A report by the Wildlife Trusts found that HS2 Ltd had missed trees, ponds and hedgerows off maps.
It said the methodology used to calculate the impact on biodiversity of the project was "fundamentally flawed".
HS2 Ltd said the trusts' report was "not reliable".
The trusts are calling for construction to be paused and for the government to require HS2 Ltd to re-evaluate the impact construction has on nature.
The Wildlife Trusts said their investigation took a year to complete.
"In addition to the catalogue of errors when assessing the pre-existing nature, this audit found that HS2 Ltd's metric (its 'accounting tool' for assessing impacts on nature) is untested, out of date and fundamentally flawed," they said.
For developers to calculate the impact of construction projects on the natural world, features like streams, hedges and woods are given values that can fit into a spreadsheet and be accounted for.
The trusts' report said that mature hedgerows which "provide berries, shelter and nesting places for wildlife" had been given "a lower nature value than the new hedgerows" that HS2 Ltd would plant. It said some watercourses, ponds and trees had been "missed out of the data".
Using HS2 Ltd's data where possible, the report found that Phase One, which covers 140 miles of track between London and the West Midlands, would cause almost eight times "more nature loss" than accounted for by HS2 Ltd's calculations.
Phase 2a between the West Midlands and Crewe would result in a 42% nature loss, compared with HS2 Ltd's prediction of 17%, according to the document.
Dr Rachel Giles from Cheshire Wildlife Trust and author of the report, said she had been shocked by the errors and discrepancies that their audit revealed.
"HS2 Ltd must stop using a deeply flawed method to calculate the value of nature affected by the construction of the route," she said. "It is astonishing that a flagship infrastructure project is able to use a metric which is untested and not fit for purpose.
"HS2 Ltd should urgently recalculate the total loss to nature, by re-evaluating existing biodiversity along the entire route whilst there is still time to change the scheme's design and delivery."
Tom Oliver, professor of applied ecology at the University of Reading, told the BBC that the report was 'hugely worrying".
He said that the methodology HS2 Ltd was using was "ten years out of date" and that the organisation was "marking its own homework".
"You can't go back in time and undo the phase one work that has happened, but for phase two the importance of these natural habitats is so great, the extra work in terms of recalculating ... seems a no-brainer."
Responding to the trusts' report, a spokesperson for HS2 Ltd said that the organisation "didn't recognise the figures" nor did it "believe them to be reliable".

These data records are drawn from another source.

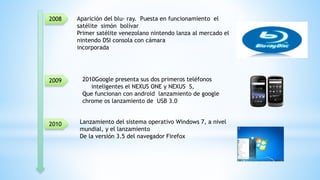 2009
2010
2008 Aparición del blu- ray. Puesta en funcionamiento el
satélite simón bolívar
Primer satélite venezolano nintendo lanza al mercado el
nintendo DSI consola con cámara
incorporada
Lanzamiento del sistema operativo Windows 7, a nivel
mundial, y el lanzamiento
De la versión 3.5 del navegador Firefox
2010Google presenta sus dos primeros teléfonos
inteligentes el NEXUS ONE y NEXUS S,
Que funcionan con android lanzamiento de google
chrome os lanzamiento de USB 3.0
 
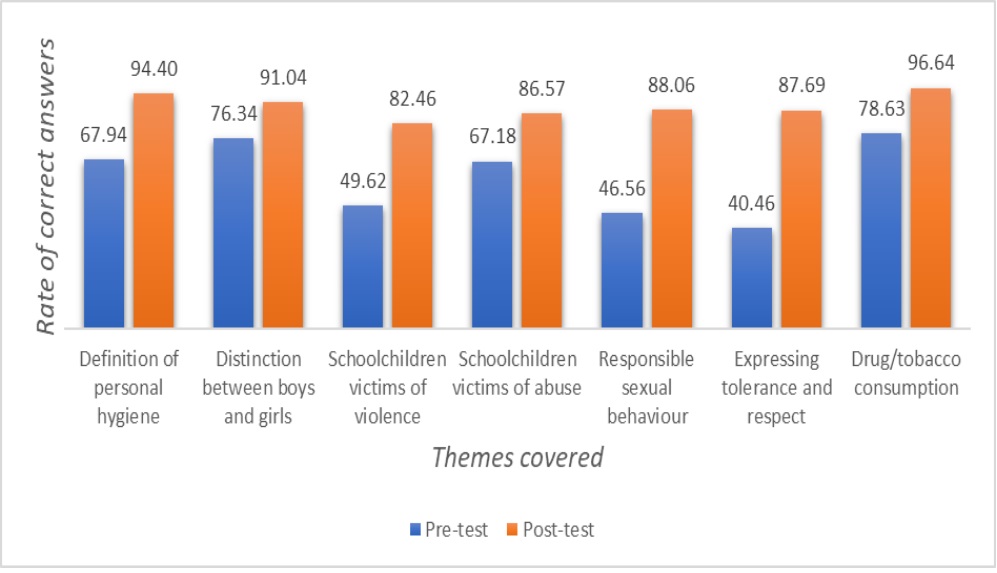 Figure 8 Level of knowledge of teachers on the control of the human body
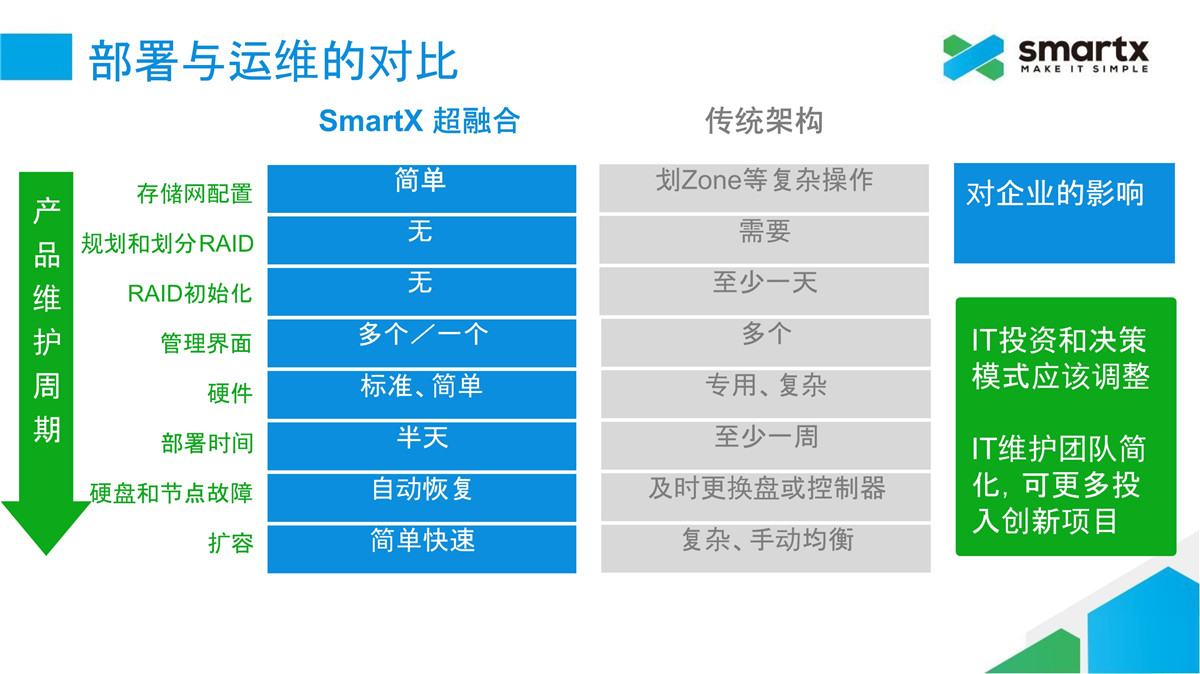 解决方案(图6)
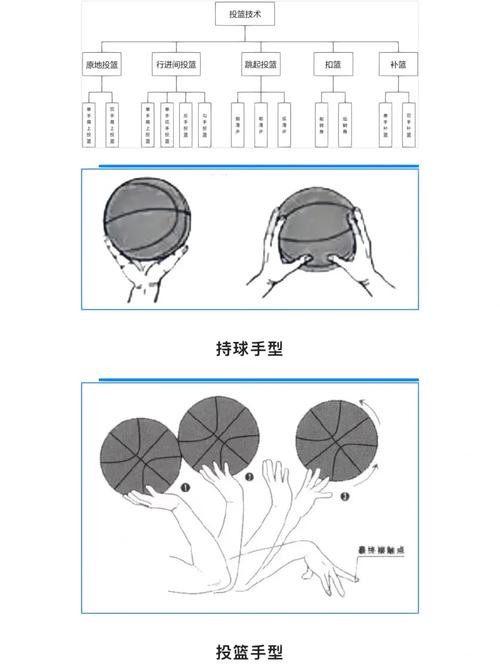 参加杯赛期间如何合理安排饮食和休息_2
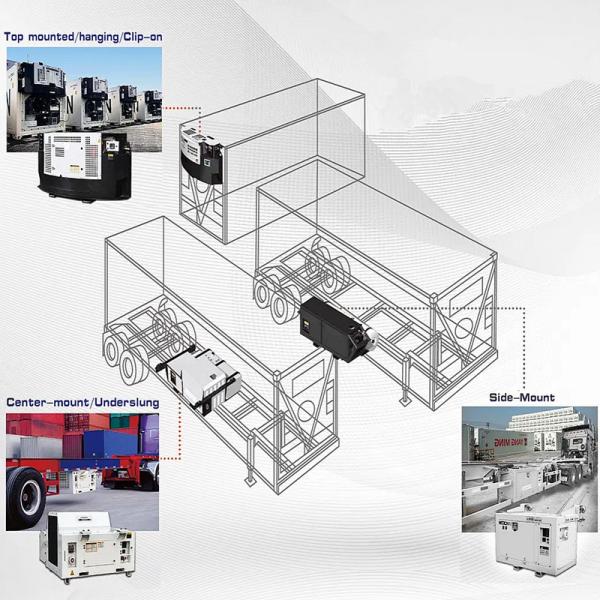 Truck Undermount Reefer Generator Set 15 Kw 3 Phase Generator With Perkins Engine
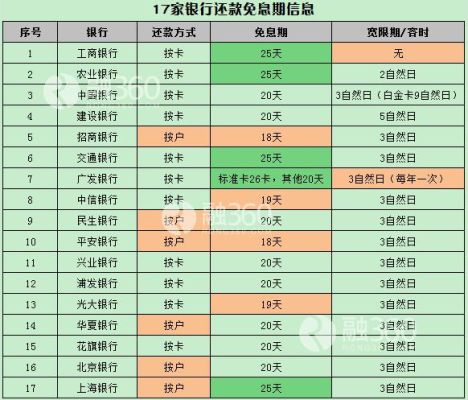 中国人民银行能查5年之前的逾期？（如何查看个人逾期是哪个银行）
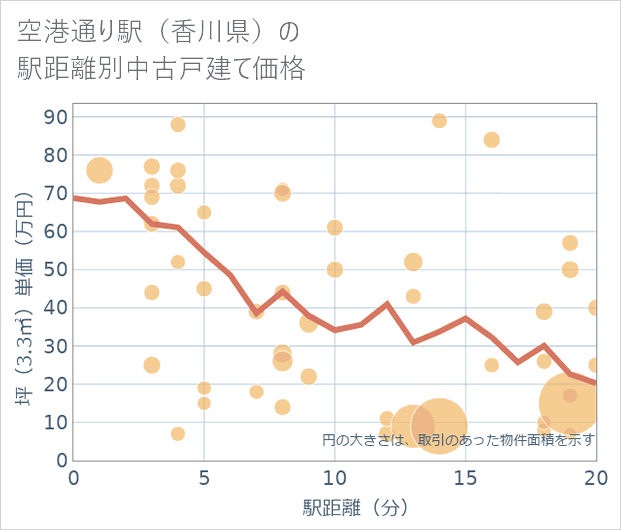 空港通り駅(香川県)の徒歩距離別の中古戸建て坪単価
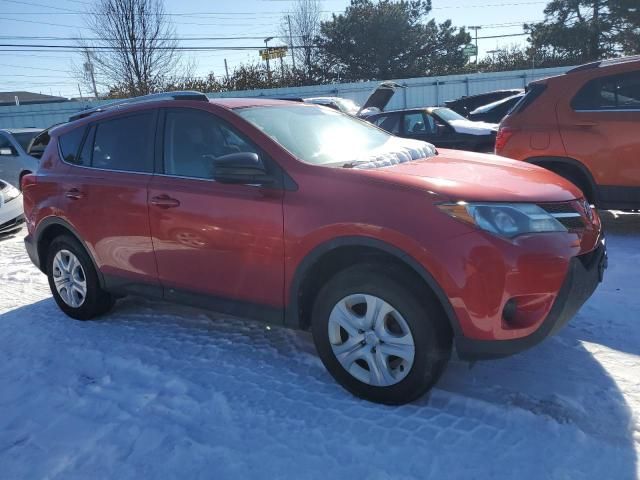 2015 Toyota Rav4 LE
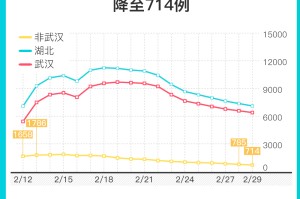 “美新冠超714万例” 美新冠超2939万？
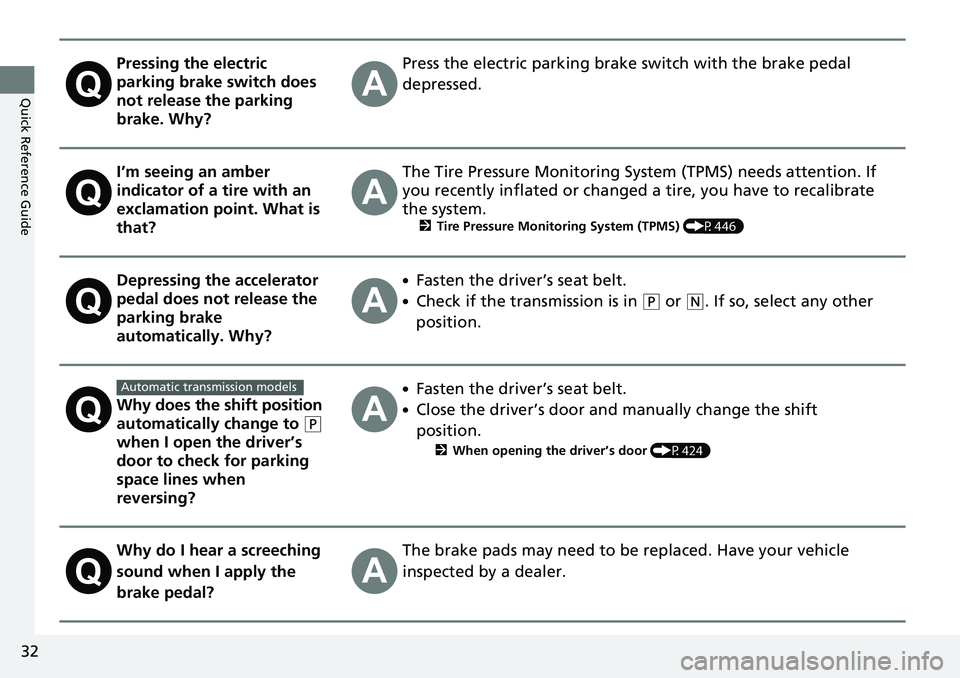 HONDA ACCORD SEDAN 2021  Owners Manual (in English) 32
Quick Reference Guide
Pressing the electric 
parking brake switch does 
not release the parking 
brake. Why?Press the electric parking brake switch with the brake pedal 
depressed.
I’m seeing an 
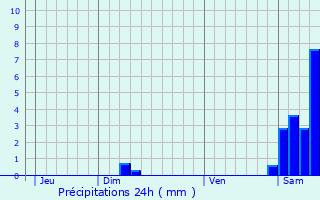 Graphique des précipitations prvues pour Saint-Martin-de-Hinx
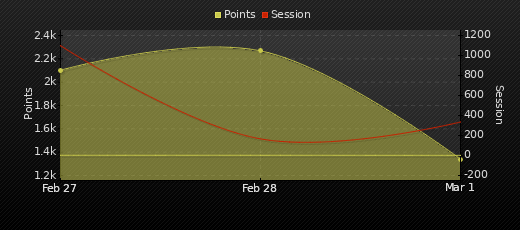 Player Trend Graph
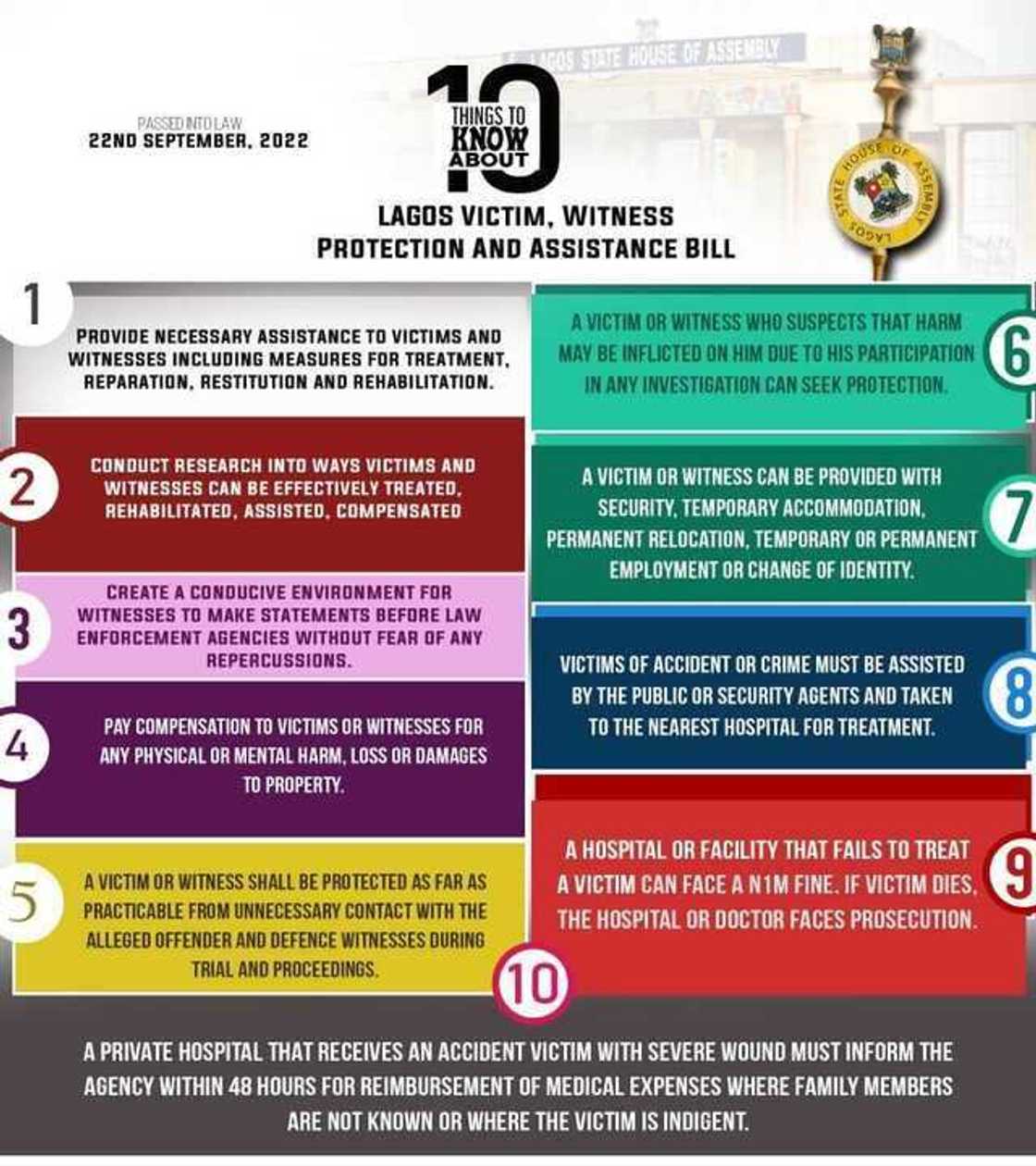 The Lagos State House of Assembly, Speaker of the House, Mudashiru Obasa, the Lagos New Victim, Witness Protection And Assistance Bill The Lagos State House of Assembly, Speaker of the House, Mudashiru Obasa, the Lagos New Victim, Witness Protection And Assistance Bill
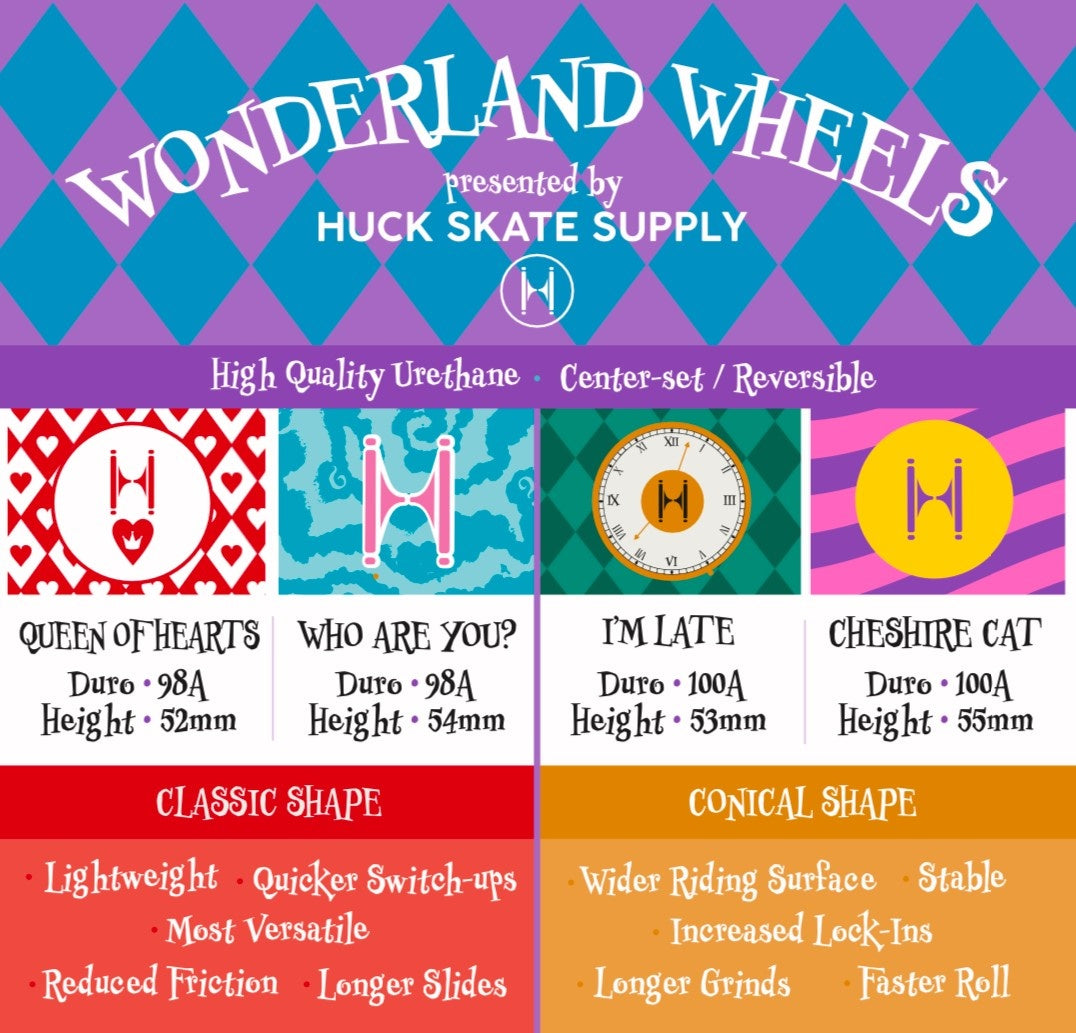 Wonderland Wheels Huck Skate Supply Roller Skate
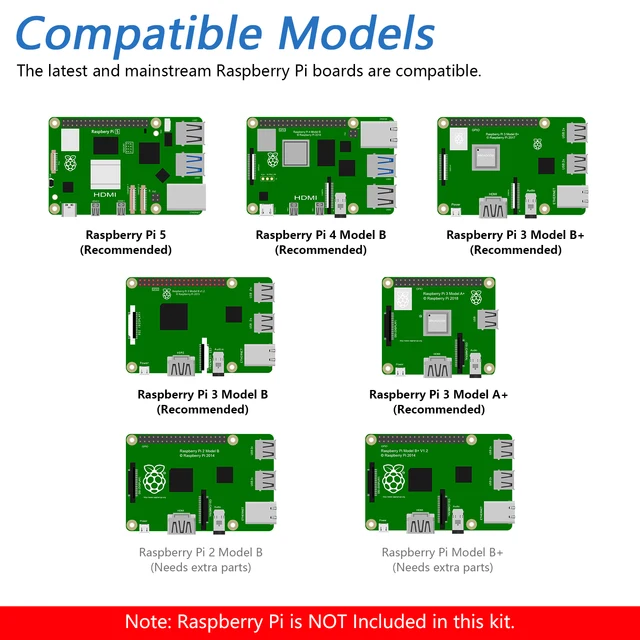 Freenove 3WD Car Kit for Raspberry Pi Robot Project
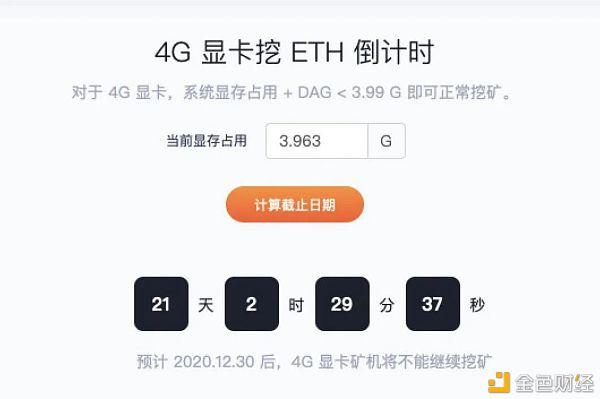 以太算法是什么？(eth dag时间表)-图3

"The Wildlife Trusts have undertaken limited desk research and have not accessed huge areas of land for undertaking ecological survey, in contrast to the ecologists who have compiled HS2's data," the spokesperson said.
They added that it was reviewing its assessment methodology, and intended to "align more closely with the government's biodiversity metric once it is published in the coming months".
The Trusts said that HS2 Ltd should immediately pause all construction and enabling work, and the bill that authorises the Crewe to Manchester leg of the line should be halted. It called on the company to re-map existing habitats and recalculate the impact on nature.